Your task
What you return must be the full data, repeated verbatim, with no pictures in it.

Data block
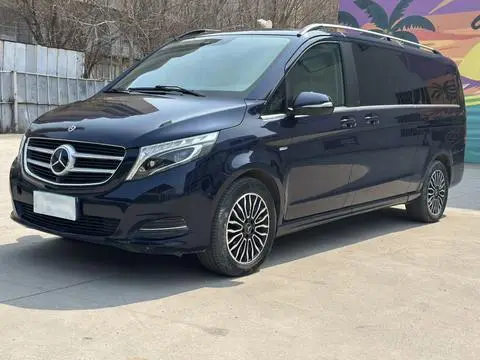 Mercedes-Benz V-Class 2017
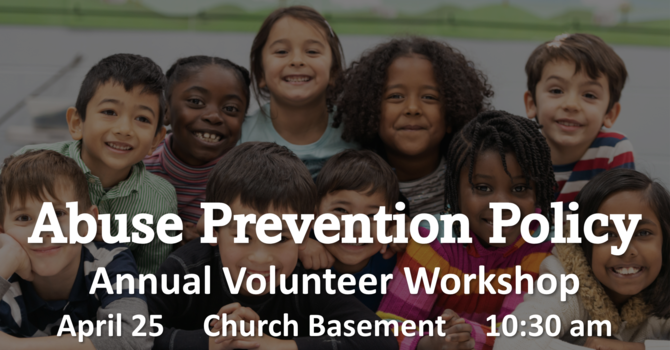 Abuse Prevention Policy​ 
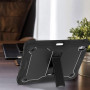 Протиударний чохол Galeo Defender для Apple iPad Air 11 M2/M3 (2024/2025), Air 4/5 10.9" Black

Result for this task
 Mercedes-Benz V-Class 2017
 Abuse Prevention Policy​ 
 Протиударний чохол Galeo Defender для Apple iPad Air 11 M2/M3 (2024/2025), Air 4/5 10.9" Black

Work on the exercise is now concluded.